Rising trends in cholangiocarcinoma: is the ICD classification system misleading us?

BACKGROUND & AIMS: Cholangiocarcinomas (CC) can be sub-divided into intrahepatic (IHCC) or extrahepatic (EHCC). Hilar or 'Klatskin' tumours are anatomically extrahepatic. Most international studies, also from the UK, report increasing IHCC and decreasing EHCC incidence. The second edition of the International Classification of Diseases for Oncology (ICD-O-2) assigned 'Klatskin' tumours a unique histology code (8162/3), but this was cross-referenced to the topography code for intrahepatic (IHBD) rather than extrahepatic bile duct tumours (EHBD). Under the third ICD-O edition, 'Klatskin' tumours are cross-referenced to either IHBD or EHBD. New editions of the ICD-O classification are adopted at different time points by different countries. We investigated the impact of changing ICD-O classifications and the potential misclassification of hilar/'Klatskin' tumours on bile duct tumour and CC incidence rates in England and Wales and the US. We also examined whether coding practices by cancer registries in England and Wales could be influencing these rates.

METHODS

We analysed age-standardised incidence rates (ASIR) in England and Wales for IHBD and EHBD tumours between 1990 and 2008, then transferred all 'Klatskin' tumours from IHBD to EHBD and reanalysed rates from 1995, when ICD-O-2 was introduced in the UK. We also compared trends in IHBD, EHBD, and 'Klatskin' tumours in England and Wales with those in the USSEER (Surveillance, Epidemiology and End Results) database. Coding practice at Cancer registry level in England and Wales was investigated via a questionnaire completed by all national cancer registries.

RESULTS

In England and Wales, 1990-2008, ASIR of IHBD cancers rose (0.43-1.84/100,000 population in males; 0.27-1.51 in females) but fell for EHBD (0.78-0.51/100,000 population in males; 0.62-0.39 in females). After transferring all 'Klatskin' tumours from IHBD to EHBD, there remained a marked increase in ASIR of IHBD cancers and a decrease in ASIR for EHBD, as only 1% of CC were reportedly 'Klatskin'. The US SEER data showed that ASIR for IHBD gradually rose from 0.59/100,000 population in 1990 to 0.91 in 2001, then sharply fell before plateauing at 0.60 by 2007. ASIR for EHBD remained relatively stable at around 0.80/100,000 population until 2001, then began increasing, to 0.97 by 2007. Annually, between 1995 and 2008, the vast majority of 'Klatskin' tumours in England and Wales were coded as IHBD. This was also the case in the SEER data until 2001, when the situation was reversed and subsequently most 'Klatskin' tumours were coded as EHBD. US trends coincide with a switch from ICD-O2 to ICD-O-3 in 2001. In the UK, the switch to ICD-O-3 only occurred in 2008. On questioning, cancer registries in England and Wales stated they would not code a CC described as 'hilar' with the designated 'Klatskin' histology code.

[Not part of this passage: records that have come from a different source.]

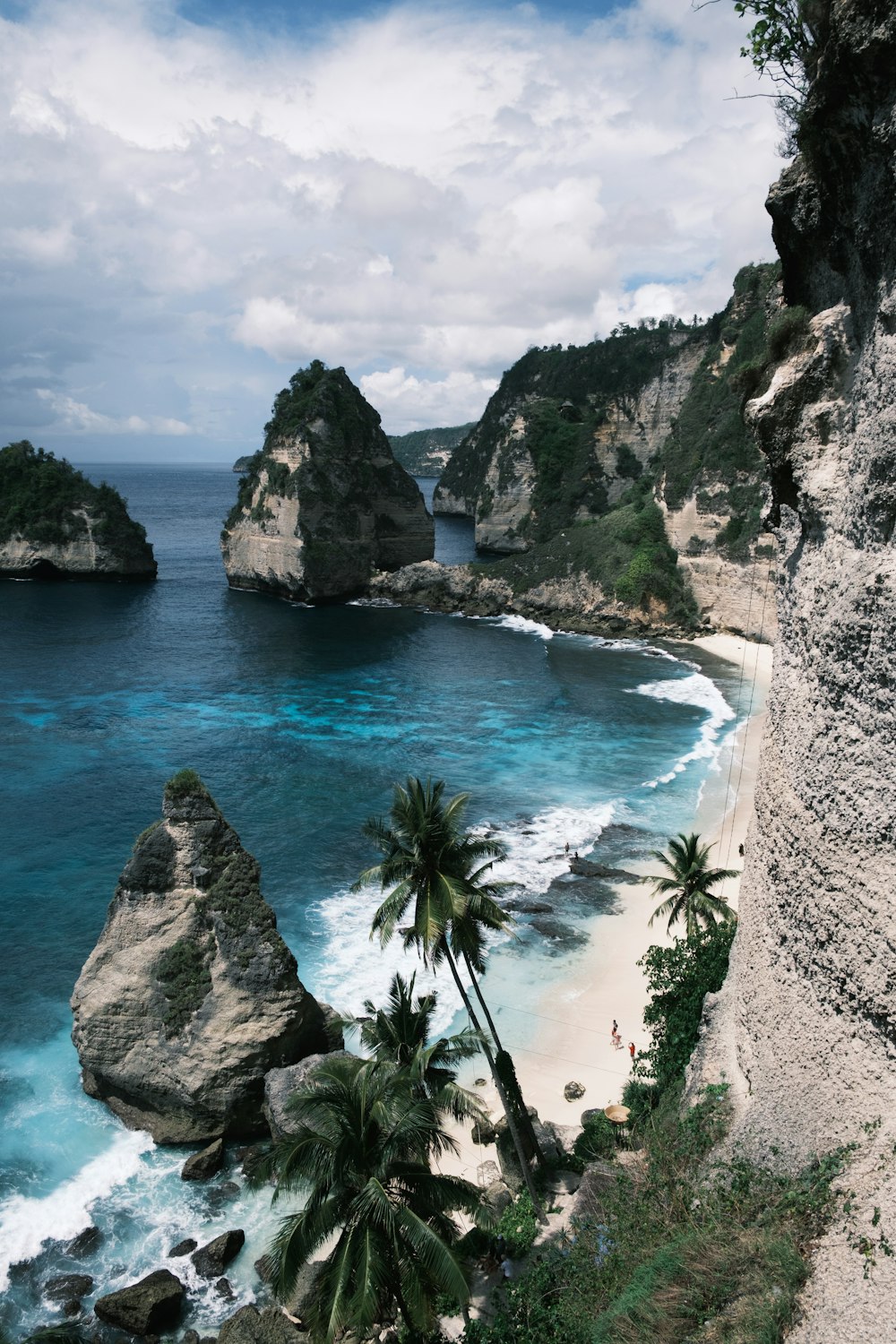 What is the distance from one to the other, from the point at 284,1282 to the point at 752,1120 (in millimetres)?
7106

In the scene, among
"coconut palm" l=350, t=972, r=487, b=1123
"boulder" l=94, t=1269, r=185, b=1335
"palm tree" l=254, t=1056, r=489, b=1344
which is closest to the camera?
"palm tree" l=254, t=1056, r=489, b=1344

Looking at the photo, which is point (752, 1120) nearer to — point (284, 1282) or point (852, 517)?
point (284, 1282)

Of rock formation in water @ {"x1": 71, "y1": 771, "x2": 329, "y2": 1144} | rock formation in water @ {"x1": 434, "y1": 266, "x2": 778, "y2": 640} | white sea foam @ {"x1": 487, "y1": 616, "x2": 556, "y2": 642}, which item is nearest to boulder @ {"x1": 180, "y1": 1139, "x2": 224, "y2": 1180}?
rock formation in water @ {"x1": 71, "y1": 771, "x2": 329, "y2": 1144}

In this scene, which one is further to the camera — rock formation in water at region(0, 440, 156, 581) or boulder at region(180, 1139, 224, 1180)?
rock formation in water at region(0, 440, 156, 581)

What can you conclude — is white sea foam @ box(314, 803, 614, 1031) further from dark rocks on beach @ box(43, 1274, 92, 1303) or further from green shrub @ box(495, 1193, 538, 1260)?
dark rocks on beach @ box(43, 1274, 92, 1303)

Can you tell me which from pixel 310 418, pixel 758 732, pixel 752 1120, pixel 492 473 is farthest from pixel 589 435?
pixel 752 1120

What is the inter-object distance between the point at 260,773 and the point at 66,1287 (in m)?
29.2

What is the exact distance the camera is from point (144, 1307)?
17.9 m

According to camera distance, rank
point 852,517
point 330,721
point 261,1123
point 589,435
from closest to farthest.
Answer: point 852,517 < point 261,1123 < point 330,721 < point 589,435

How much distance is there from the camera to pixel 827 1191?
1072 cm

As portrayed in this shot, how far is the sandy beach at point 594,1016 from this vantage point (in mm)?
24125

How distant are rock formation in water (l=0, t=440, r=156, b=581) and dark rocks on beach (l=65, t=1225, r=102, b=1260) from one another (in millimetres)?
94239

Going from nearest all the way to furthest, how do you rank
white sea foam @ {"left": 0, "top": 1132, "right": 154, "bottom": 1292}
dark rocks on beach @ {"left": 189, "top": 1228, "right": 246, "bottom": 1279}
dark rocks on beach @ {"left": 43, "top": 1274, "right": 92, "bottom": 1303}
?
dark rocks on beach @ {"left": 43, "top": 1274, "right": 92, "bottom": 1303} < dark rocks on beach @ {"left": 189, "top": 1228, "right": 246, "bottom": 1279} < white sea foam @ {"left": 0, "top": 1132, "right": 154, "bottom": 1292}

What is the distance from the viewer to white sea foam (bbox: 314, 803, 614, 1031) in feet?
95.0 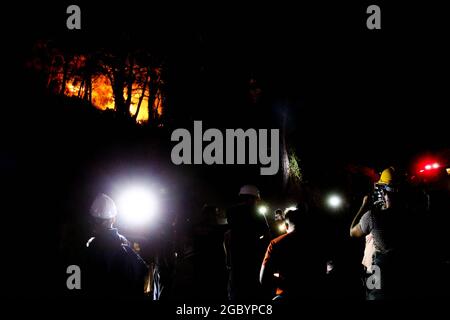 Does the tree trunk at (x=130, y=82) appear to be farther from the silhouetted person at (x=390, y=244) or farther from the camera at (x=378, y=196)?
the silhouetted person at (x=390, y=244)

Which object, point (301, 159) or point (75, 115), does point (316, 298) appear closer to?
point (75, 115)

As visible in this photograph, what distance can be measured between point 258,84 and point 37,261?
16.6 m

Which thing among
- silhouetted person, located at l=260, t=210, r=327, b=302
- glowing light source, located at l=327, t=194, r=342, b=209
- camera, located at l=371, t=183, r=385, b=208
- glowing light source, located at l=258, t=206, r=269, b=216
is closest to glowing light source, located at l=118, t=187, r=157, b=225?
glowing light source, located at l=258, t=206, r=269, b=216

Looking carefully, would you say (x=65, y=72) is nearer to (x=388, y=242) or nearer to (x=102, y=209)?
(x=102, y=209)

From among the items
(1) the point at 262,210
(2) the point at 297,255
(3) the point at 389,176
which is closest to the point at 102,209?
(2) the point at 297,255

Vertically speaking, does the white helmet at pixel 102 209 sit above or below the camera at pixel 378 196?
below

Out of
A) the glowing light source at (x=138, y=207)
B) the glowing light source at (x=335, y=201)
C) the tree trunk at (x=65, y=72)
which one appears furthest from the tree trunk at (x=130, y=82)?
the glowing light source at (x=138, y=207)

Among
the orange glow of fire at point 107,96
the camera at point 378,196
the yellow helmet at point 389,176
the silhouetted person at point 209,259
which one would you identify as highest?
the orange glow of fire at point 107,96

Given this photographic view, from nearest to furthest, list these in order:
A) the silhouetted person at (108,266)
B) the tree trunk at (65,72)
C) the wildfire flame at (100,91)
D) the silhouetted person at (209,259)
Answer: the silhouetted person at (108,266), the silhouetted person at (209,259), the tree trunk at (65,72), the wildfire flame at (100,91)

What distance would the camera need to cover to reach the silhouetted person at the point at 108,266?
152 inches

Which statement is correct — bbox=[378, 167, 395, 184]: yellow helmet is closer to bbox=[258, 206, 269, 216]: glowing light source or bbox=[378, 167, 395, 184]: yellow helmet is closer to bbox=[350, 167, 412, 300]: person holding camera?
bbox=[350, 167, 412, 300]: person holding camera

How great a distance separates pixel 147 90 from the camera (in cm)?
2091

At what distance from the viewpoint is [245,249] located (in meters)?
4.34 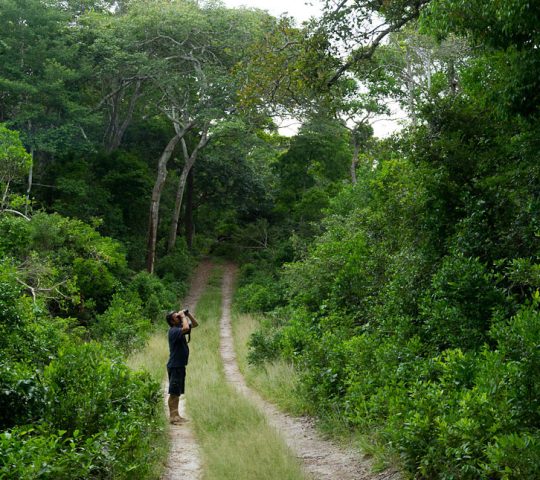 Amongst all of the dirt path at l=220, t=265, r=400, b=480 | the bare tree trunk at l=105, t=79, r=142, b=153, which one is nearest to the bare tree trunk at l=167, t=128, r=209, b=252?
the bare tree trunk at l=105, t=79, r=142, b=153

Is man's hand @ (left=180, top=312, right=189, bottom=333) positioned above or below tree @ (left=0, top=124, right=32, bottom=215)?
below

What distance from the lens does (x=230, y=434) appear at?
8133 millimetres

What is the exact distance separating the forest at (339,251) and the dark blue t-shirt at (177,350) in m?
0.88

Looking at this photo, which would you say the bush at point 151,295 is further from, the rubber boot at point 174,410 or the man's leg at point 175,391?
the rubber boot at point 174,410

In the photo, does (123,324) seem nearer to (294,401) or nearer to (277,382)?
(277,382)

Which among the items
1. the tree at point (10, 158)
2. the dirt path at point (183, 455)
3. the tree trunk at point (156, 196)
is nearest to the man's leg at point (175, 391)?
the dirt path at point (183, 455)

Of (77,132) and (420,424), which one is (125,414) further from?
(77,132)

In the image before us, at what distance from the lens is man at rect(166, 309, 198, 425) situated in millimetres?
9781

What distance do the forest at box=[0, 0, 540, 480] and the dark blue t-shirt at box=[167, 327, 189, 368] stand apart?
0.88 metres

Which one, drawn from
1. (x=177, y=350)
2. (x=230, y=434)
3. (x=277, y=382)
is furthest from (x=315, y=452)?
(x=277, y=382)

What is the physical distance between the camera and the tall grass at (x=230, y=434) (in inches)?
252

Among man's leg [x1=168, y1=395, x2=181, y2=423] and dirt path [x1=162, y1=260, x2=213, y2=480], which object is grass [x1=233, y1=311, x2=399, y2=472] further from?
man's leg [x1=168, y1=395, x2=181, y2=423]

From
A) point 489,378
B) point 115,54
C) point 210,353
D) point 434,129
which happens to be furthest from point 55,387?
point 115,54

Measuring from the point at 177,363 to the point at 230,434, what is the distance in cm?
218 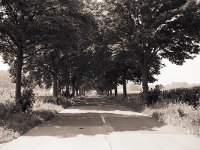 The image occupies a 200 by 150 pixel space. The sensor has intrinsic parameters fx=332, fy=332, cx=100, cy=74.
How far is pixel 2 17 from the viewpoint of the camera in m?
21.0

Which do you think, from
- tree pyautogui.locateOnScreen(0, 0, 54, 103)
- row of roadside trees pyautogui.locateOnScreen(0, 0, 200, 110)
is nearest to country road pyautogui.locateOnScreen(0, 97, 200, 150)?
tree pyautogui.locateOnScreen(0, 0, 54, 103)

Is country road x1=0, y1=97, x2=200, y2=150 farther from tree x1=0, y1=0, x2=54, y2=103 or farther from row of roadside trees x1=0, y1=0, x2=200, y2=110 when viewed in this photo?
row of roadside trees x1=0, y1=0, x2=200, y2=110

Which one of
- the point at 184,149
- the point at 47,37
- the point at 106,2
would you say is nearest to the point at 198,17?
the point at 106,2

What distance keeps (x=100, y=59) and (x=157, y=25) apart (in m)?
15.8

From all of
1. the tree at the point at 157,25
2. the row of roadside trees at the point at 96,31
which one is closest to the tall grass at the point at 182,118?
the row of roadside trees at the point at 96,31

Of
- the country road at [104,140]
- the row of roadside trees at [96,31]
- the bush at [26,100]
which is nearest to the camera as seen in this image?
the country road at [104,140]

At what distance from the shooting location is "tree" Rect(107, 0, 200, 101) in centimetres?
3062

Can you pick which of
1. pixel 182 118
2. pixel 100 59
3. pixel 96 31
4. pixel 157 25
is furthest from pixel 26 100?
pixel 100 59

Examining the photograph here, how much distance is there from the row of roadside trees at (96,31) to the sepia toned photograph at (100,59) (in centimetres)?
7

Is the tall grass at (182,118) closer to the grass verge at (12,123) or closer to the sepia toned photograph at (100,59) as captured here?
the sepia toned photograph at (100,59)

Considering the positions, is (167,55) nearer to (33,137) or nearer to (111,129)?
(111,129)

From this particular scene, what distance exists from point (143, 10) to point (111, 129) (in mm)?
18634

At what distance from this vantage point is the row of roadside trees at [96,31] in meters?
21.3

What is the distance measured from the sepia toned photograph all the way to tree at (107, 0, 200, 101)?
9cm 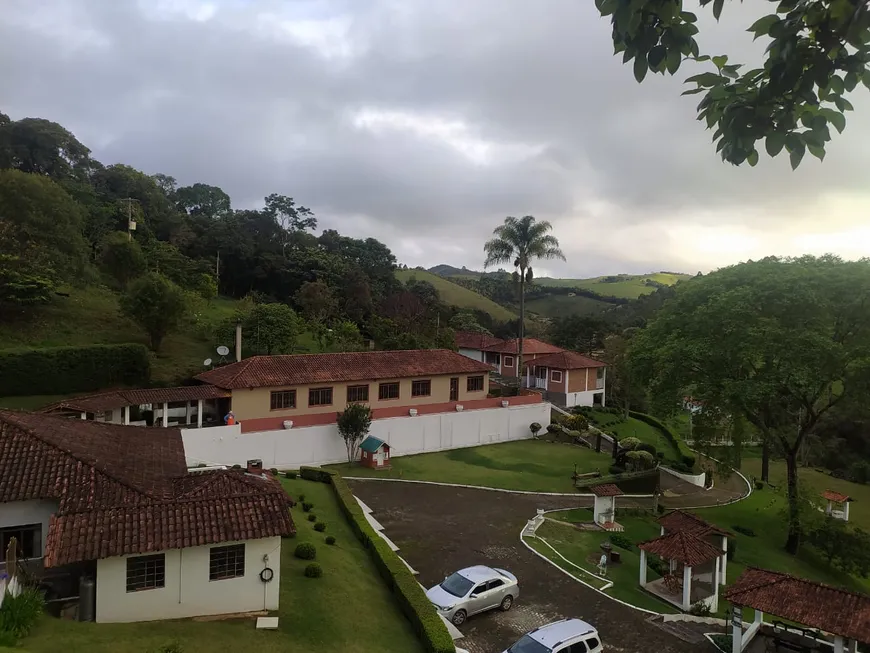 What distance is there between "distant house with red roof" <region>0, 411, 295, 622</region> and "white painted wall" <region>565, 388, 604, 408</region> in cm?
3543

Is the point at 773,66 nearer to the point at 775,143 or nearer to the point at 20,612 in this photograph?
the point at 775,143

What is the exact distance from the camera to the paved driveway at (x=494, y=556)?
14.6 metres

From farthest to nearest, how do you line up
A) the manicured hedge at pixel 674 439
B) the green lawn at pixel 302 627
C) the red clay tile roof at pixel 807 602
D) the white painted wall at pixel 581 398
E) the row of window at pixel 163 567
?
the white painted wall at pixel 581 398, the manicured hedge at pixel 674 439, the red clay tile roof at pixel 807 602, the row of window at pixel 163 567, the green lawn at pixel 302 627

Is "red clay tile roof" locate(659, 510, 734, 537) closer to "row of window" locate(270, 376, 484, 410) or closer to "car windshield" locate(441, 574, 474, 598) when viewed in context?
"car windshield" locate(441, 574, 474, 598)

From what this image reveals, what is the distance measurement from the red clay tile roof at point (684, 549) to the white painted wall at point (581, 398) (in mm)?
28711

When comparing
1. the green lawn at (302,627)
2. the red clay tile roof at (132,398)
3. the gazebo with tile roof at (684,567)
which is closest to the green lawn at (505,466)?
the red clay tile roof at (132,398)

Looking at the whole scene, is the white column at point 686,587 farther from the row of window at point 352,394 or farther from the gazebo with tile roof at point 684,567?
the row of window at point 352,394

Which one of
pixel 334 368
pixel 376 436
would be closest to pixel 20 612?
pixel 376 436

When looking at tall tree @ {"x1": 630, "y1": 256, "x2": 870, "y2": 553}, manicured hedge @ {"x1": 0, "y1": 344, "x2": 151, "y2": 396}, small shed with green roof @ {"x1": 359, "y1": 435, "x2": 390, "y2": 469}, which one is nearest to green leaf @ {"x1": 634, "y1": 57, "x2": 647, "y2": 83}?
tall tree @ {"x1": 630, "y1": 256, "x2": 870, "y2": 553}

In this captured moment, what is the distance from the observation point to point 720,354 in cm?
2366

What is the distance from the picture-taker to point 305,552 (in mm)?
15961

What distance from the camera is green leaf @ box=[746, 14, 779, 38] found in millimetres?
3718

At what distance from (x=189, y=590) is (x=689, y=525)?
15.9m

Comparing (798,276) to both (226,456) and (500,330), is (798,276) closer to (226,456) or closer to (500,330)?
(226,456) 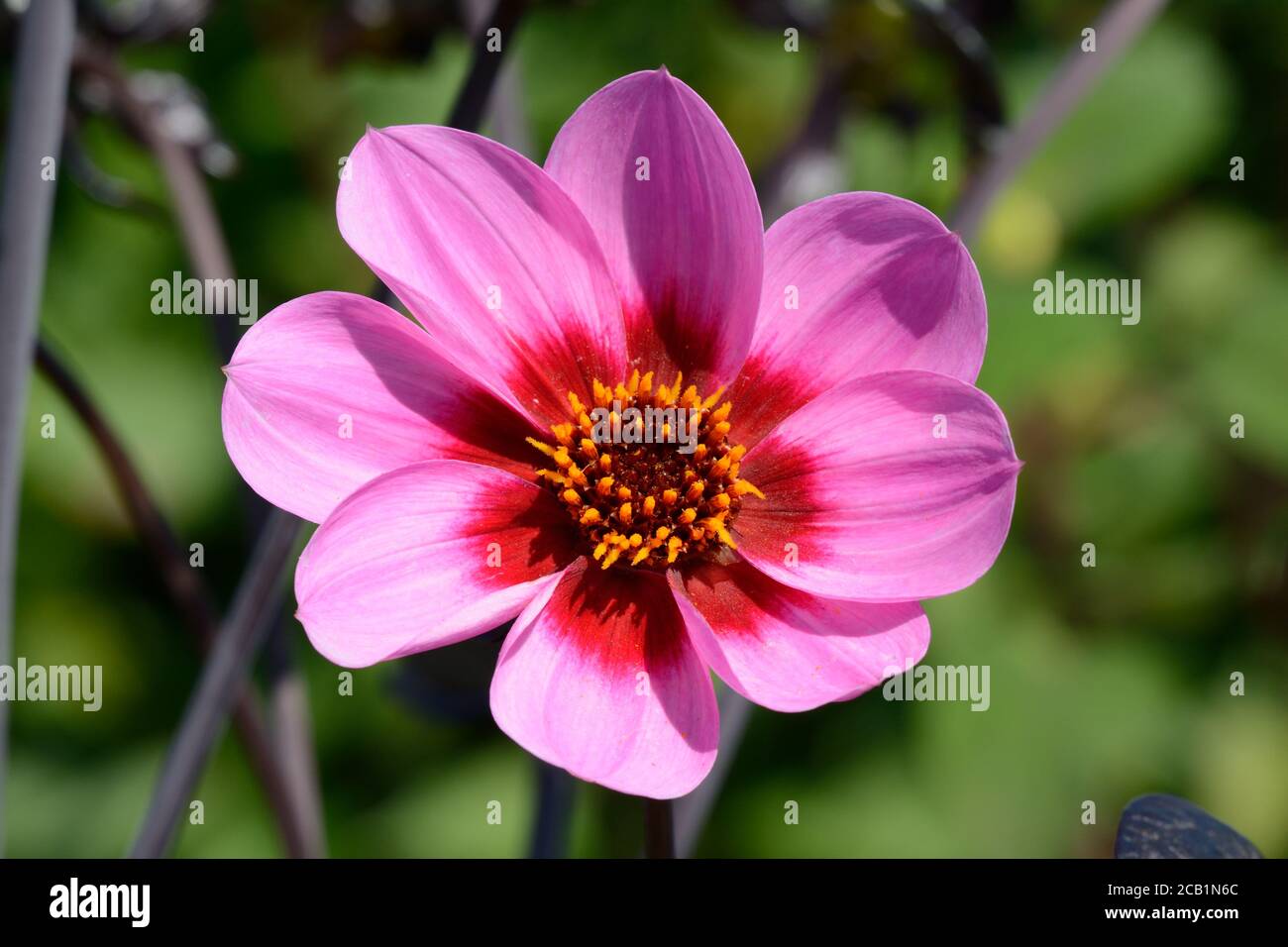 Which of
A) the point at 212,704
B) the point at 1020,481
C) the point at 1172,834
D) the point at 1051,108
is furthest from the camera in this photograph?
the point at 1020,481

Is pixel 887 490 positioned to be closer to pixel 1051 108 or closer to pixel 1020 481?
pixel 1051 108

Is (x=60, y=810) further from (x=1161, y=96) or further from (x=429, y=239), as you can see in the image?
(x=1161, y=96)

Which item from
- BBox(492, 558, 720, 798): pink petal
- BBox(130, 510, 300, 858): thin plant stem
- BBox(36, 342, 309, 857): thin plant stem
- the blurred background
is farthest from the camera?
the blurred background

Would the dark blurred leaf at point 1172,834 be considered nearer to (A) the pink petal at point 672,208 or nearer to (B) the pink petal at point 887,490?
(B) the pink petal at point 887,490

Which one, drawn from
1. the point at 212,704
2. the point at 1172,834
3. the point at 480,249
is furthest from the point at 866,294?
the point at 212,704

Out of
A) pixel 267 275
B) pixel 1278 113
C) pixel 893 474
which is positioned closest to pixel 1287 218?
pixel 1278 113

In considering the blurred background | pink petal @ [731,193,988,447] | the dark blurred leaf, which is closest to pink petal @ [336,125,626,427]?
pink petal @ [731,193,988,447]

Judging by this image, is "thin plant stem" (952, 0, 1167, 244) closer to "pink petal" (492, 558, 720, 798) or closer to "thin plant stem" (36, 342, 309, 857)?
"pink petal" (492, 558, 720, 798) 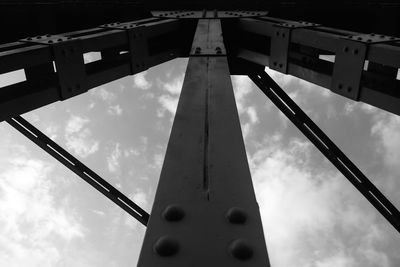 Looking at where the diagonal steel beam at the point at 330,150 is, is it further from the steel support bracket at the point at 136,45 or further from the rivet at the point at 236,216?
the rivet at the point at 236,216

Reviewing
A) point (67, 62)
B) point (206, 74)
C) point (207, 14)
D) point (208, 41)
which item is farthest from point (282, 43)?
point (67, 62)

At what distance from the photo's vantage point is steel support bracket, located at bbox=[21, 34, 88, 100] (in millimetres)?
3635

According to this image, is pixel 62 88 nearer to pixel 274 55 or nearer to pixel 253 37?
pixel 274 55

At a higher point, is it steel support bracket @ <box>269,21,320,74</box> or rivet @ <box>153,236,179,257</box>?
steel support bracket @ <box>269,21,320,74</box>

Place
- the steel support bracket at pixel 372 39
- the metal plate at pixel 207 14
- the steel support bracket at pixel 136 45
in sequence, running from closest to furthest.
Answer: the steel support bracket at pixel 372 39, the steel support bracket at pixel 136 45, the metal plate at pixel 207 14

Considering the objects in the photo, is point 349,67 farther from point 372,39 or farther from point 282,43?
point 282,43

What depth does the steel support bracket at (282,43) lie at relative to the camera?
453 centimetres

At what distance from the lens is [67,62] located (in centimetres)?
372

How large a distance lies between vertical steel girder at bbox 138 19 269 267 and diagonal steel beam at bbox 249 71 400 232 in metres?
3.72

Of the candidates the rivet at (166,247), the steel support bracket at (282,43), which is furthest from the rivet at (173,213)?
the steel support bracket at (282,43)

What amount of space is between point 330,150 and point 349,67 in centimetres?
241

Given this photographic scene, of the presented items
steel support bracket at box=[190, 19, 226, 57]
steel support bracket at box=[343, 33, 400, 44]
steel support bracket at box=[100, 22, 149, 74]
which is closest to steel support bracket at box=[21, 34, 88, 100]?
steel support bracket at box=[100, 22, 149, 74]

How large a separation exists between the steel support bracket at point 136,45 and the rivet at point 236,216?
3318 millimetres

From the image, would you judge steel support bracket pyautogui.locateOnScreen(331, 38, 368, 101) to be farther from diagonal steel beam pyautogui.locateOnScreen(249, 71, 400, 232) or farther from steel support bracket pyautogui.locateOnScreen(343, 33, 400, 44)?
diagonal steel beam pyautogui.locateOnScreen(249, 71, 400, 232) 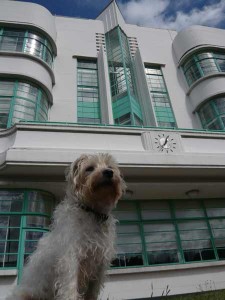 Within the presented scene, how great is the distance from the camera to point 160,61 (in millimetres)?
16859

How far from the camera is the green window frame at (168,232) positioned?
9.66 m

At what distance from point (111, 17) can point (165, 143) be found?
12530 mm

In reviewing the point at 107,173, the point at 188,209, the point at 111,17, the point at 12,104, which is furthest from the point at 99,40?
the point at 107,173

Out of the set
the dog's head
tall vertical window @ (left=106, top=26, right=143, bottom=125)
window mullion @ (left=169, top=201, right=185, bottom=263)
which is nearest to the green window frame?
window mullion @ (left=169, top=201, right=185, bottom=263)

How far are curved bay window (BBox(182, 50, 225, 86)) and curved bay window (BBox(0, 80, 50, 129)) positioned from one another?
28.5 feet

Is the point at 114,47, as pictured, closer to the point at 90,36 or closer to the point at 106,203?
the point at 90,36

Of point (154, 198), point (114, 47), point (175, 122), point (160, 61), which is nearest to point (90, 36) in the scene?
point (114, 47)

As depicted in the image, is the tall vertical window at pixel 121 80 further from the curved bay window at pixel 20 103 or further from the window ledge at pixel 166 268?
the window ledge at pixel 166 268

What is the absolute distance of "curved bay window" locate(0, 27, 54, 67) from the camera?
42.6 feet

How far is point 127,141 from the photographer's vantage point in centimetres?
973

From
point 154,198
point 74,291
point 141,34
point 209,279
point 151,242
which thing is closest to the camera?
point 74,291

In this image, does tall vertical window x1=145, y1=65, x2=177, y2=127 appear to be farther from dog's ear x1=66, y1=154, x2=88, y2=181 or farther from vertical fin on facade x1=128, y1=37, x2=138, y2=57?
dog's ear x1=66, y1=154, x2=88, y2=181

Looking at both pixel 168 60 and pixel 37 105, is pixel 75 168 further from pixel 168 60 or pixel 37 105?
pixel 168 60

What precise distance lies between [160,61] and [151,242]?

If the tumour site is unspecified, most registries classify CC as intrahepatic.

CONCLUSIONS

Changes in ICD-classification may be influencing observed changes in IHBD and EHBD incidence rates. Coding misclassification is likely to have been skewing CC registration to an intrahepatic site, thereby contributing to the previously reported rise in intrahepatic tumours.